* Your assignment
Using the data below, return word for word every line from the one holding "Skulsk Apartment | Letni Vibe" down to the one holding "VDX file converter". Leave pictures out.

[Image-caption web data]
--*--

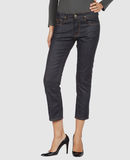 APRIL 77 - Denim capris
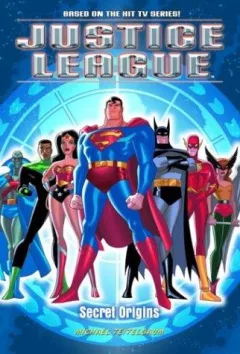 Justice League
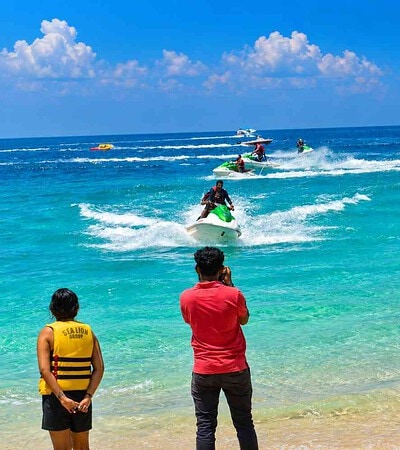 6N7D Port Blair Packages @ 22,634/-pp
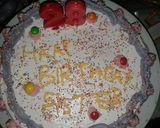 Foto langkah ke 4 dari resep Bolu kukus keju super lembut super simpel.
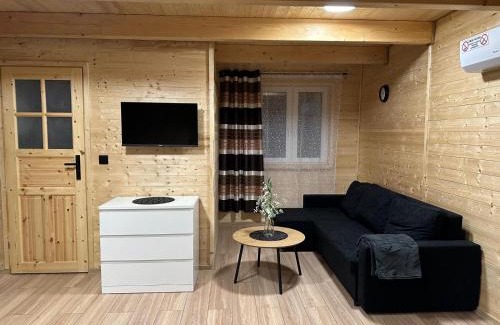 Skulsk Apartment | Letni Vibe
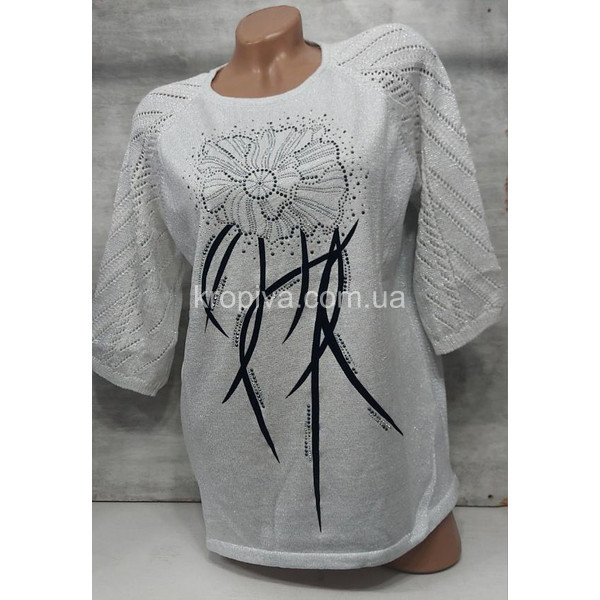 Женский свитер микс оптом 201225-28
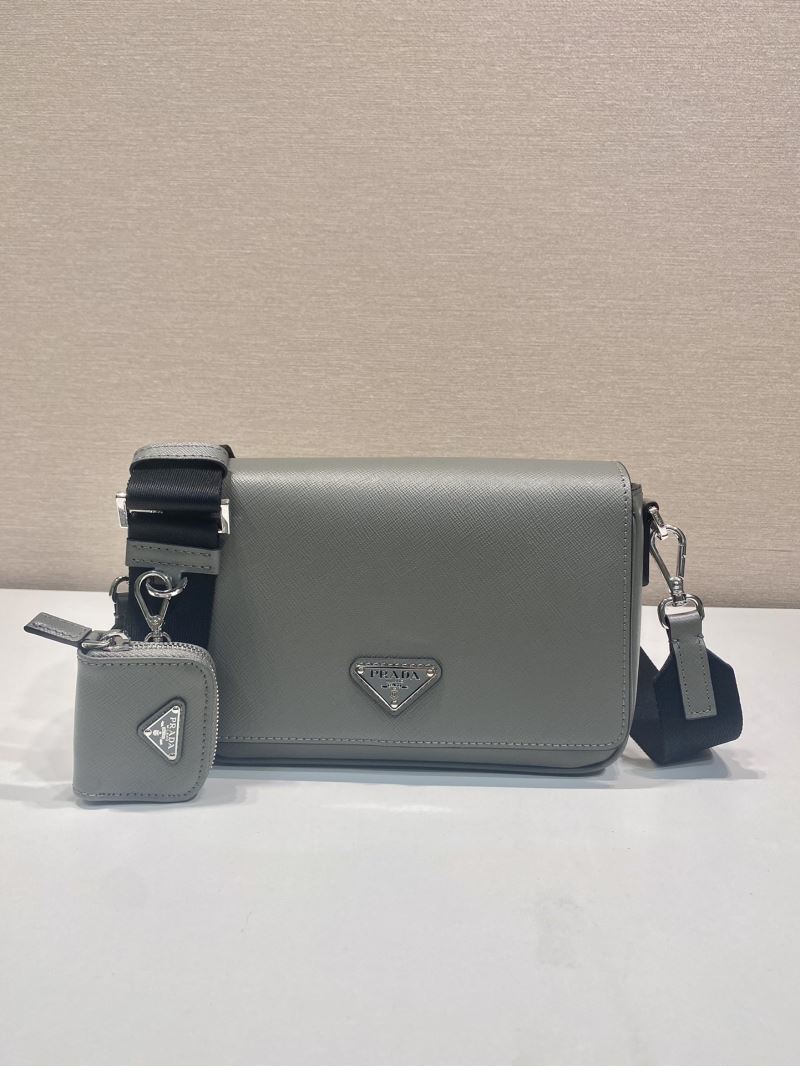 Prada Satchel Bags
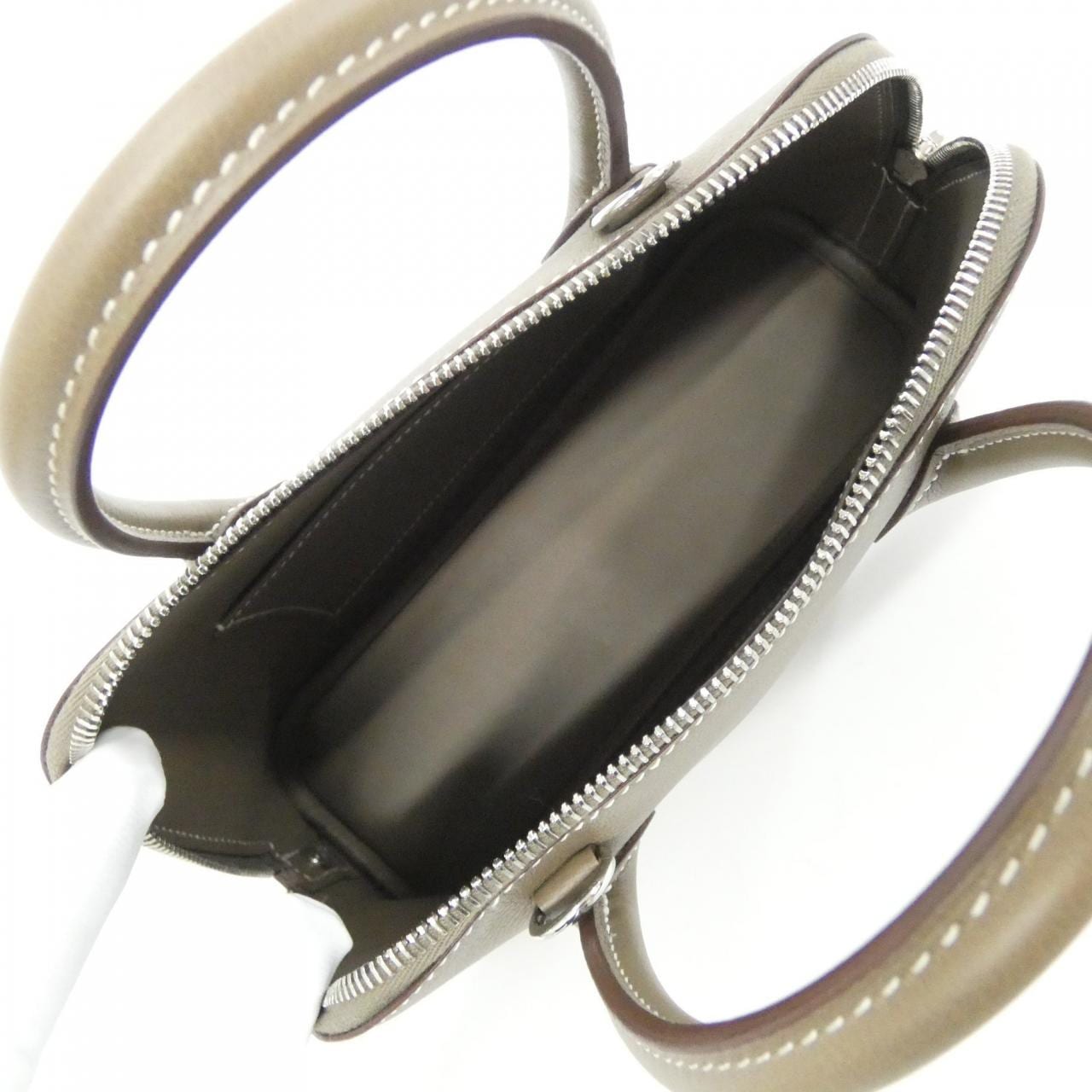 エルメス ボリード1923  25cm 082161CK バッグ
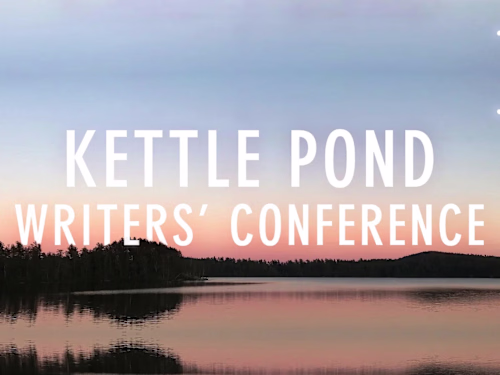 Writing Conference Content Creator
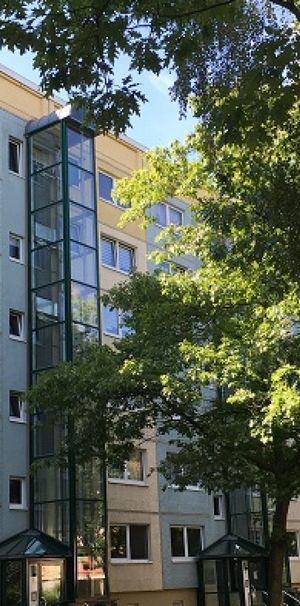 Wohnung, 3 Zimmer (69,02 m²) - Foto 1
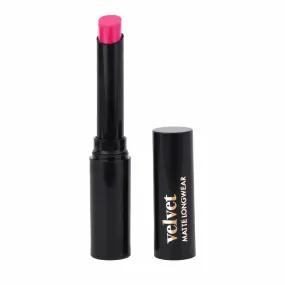 Velvet Matte Longwear Lip Paint | Infatuation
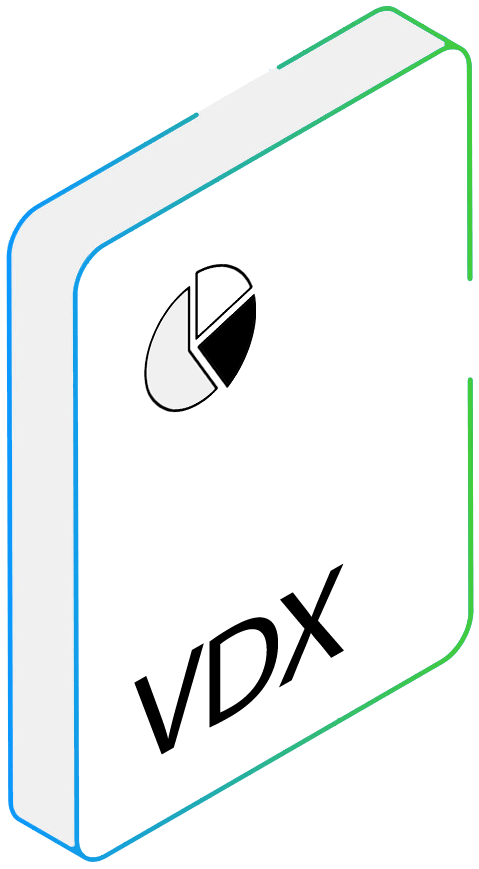 VDX file converter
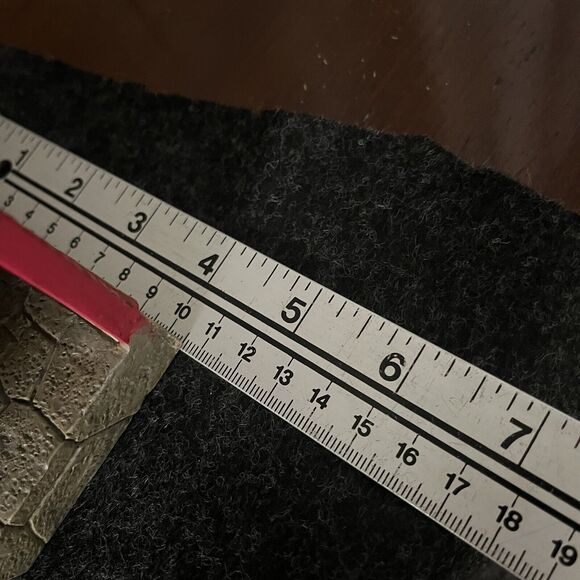 2005 Hallmark Haunting Collection Dead Wood Shops Ghost Town Lighted Box Table - Picture 12 of 16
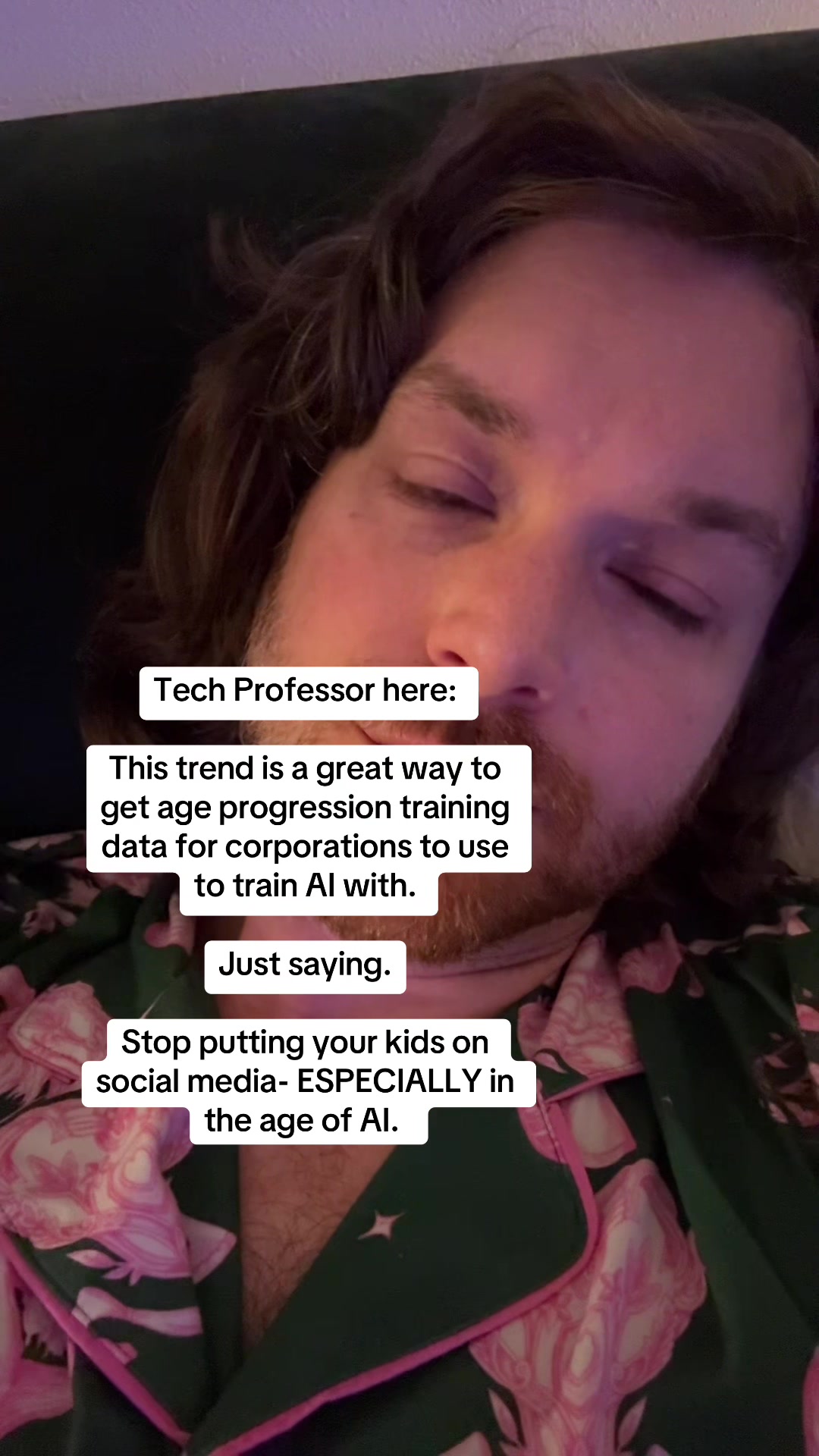 @John | The Oz Professor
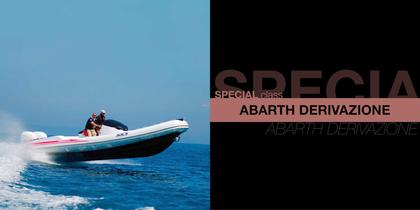 ABARTH DERIVAZIONE
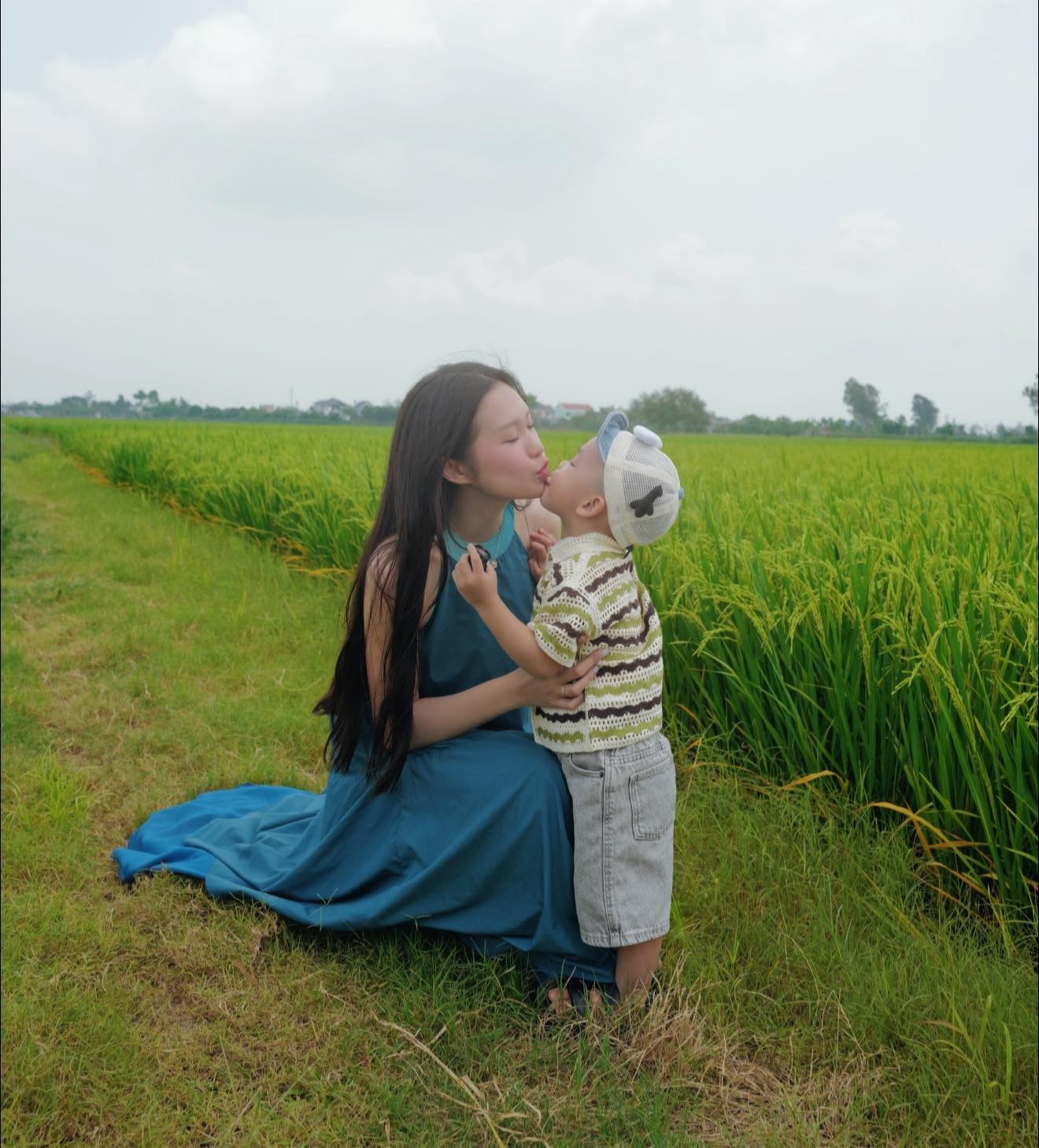 Doãn Hải My có động thái gây chú ý - 1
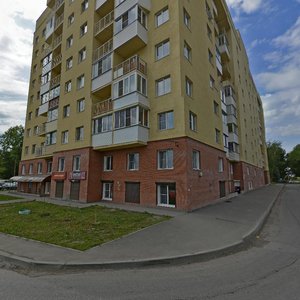 Geodezicheskaya ulitsa, 10/1, Ob: photo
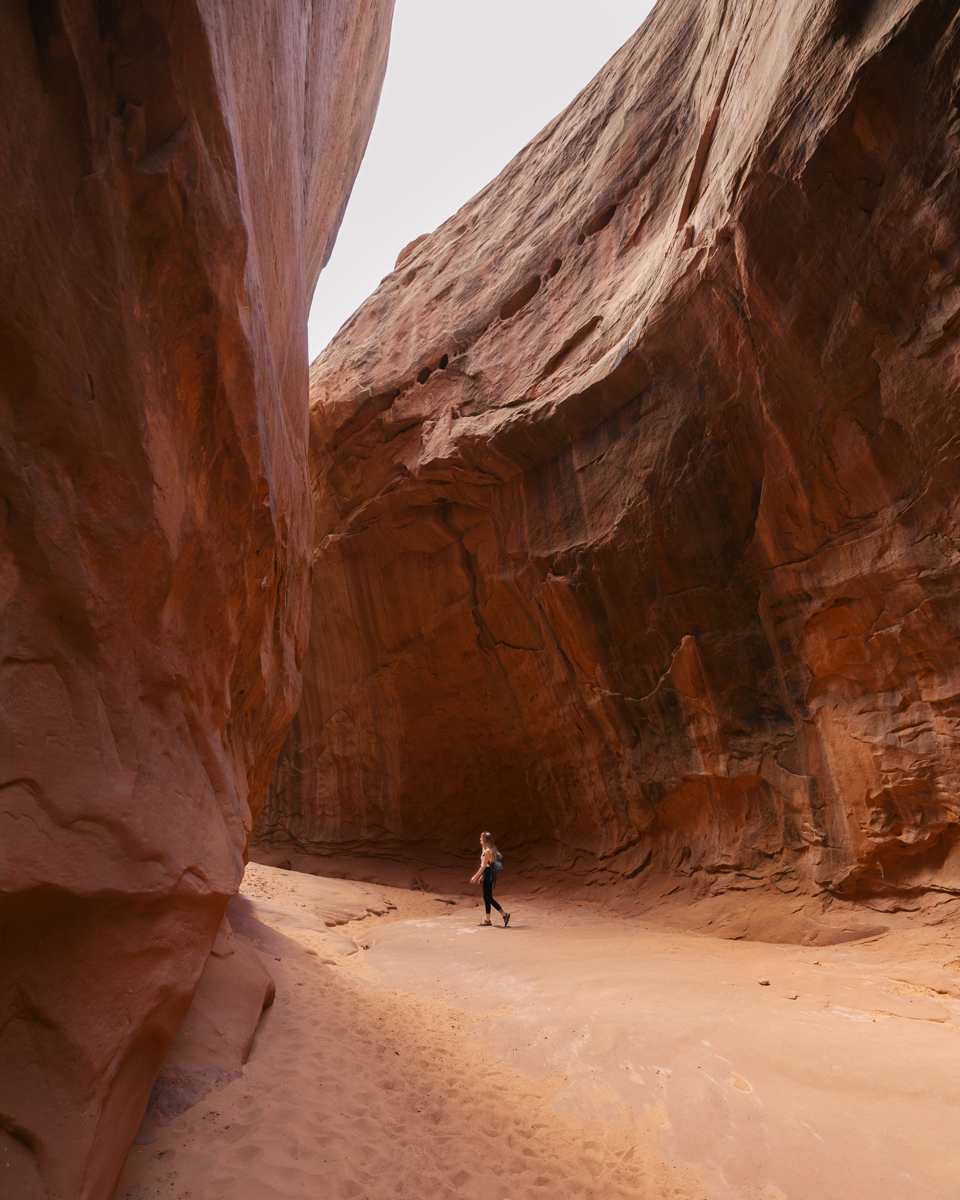 Goblin Valley Yurt Stay: How to book this bucketlist stay - Miss Rover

--*--

* Solution to this task
 Skulsk Apartment | Letni Vibe
 Женский свитер микс оптом 201225-28
 Prada Satchel Bags
 エルメス ボリード1923  25cm 082161CK バッグ
 Writing Conference Content Creator
 Wohnung, 3 Zimmer (69,02 m²) - Foto 1
 Velvet Matte Longwear Lip Paint | Infatuation
 VDX file converter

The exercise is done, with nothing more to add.